ニュースを見ながら、シマをめぐって争うところも国家とマフィアは似ているなぁなどと思う。
両者とも地所・縄張りが資本なのだ。企業も土地を使うが、(生産などの手段として以外は)特定の土地を占有し続けることに関心はない。商人は本質的に遊牧民で、それは企業という形態になっても変わらないように思う。

では、国家とマフィアの本質は農耕民的定住者なのだろうか?かれらも商人同様、土地を利用していることに変わりはないが、なぜか自分たちのシマに自らを縛りつけているように見える。二者とも機会があればシマを広げようとし、時に失ったりもするが、必ず自分たちのアイデンティティーとなるコアの土地があるようだ。とくに国家は基本的に引っ越し不可能だ。A国とB国がお互いの領土を交換するなどということは、普通はあり得ない(歴史的にそのようなことがあったのか未チェック)。そのような事態が起これば、それは「亡国」と呼ばれ、あってはならない悲劇、非常事態とされる。
昔、テレビドラマ化された小松左京のSF小説『日本沈没』は、まさにそのような国土と分かち難く結び付いた日本人のアイデンティティーの物語だ。

商人(企業)も本質的に「市場」というフィールドで「シェア」というシマを拡大することをミッションとしている。しかし、シェアというシマは物理的な土地ほどに占有可能なわけではない。業者間で協定して棲み分けをすることも可能だが、少なくとも現代では独占禁止法違反になってしまう。

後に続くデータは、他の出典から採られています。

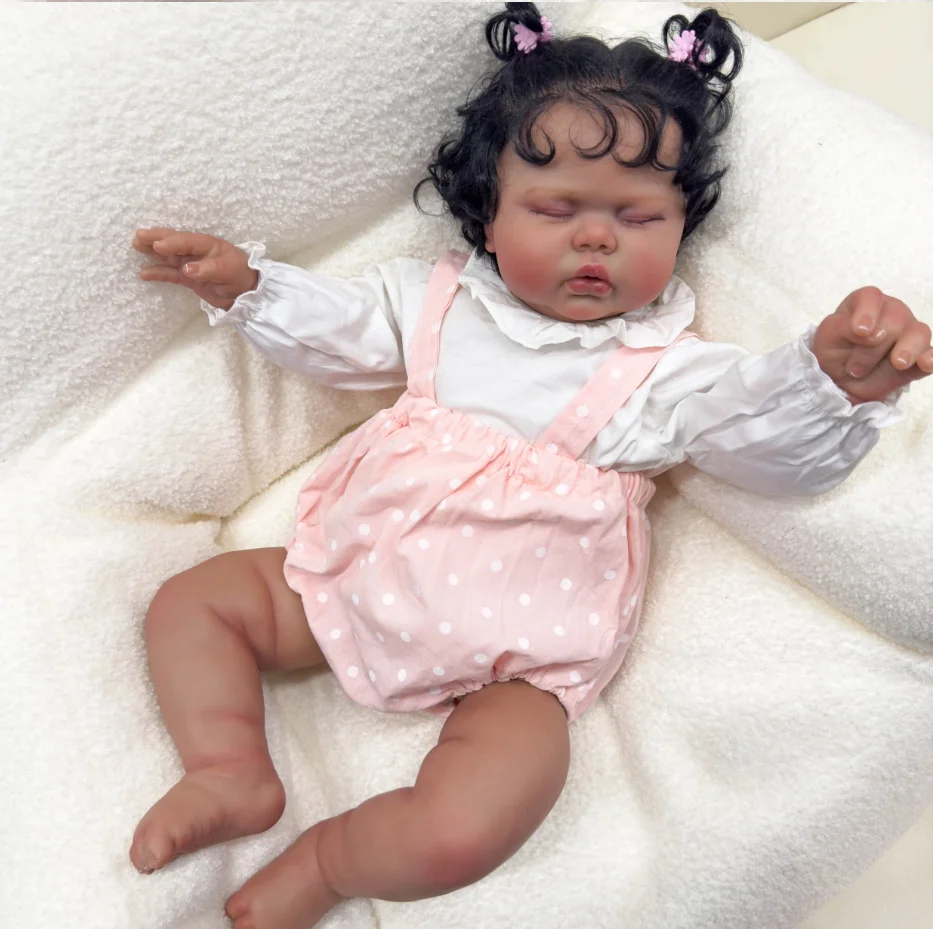 24/19 pulgadas dos tamaños pepinillos piel oscura en tela suave cuerpo realista bebé recién nacido niño en raíces a mano pelo abrazo niña muñeca bebé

ただ、国家もマフィアも企業も共通して、(建前はともかく)その構成メンバーよりもシマを重視しているように思われる。この執着は何なのか?やはり生存に直結する資源だからだろうか。
これらの組織と構成メンバー、フィールドの関係を、肉食動物>草食動物>草食動物の餌がある土地と考えると、妙にうまくハマって嫌だ(苦笑)。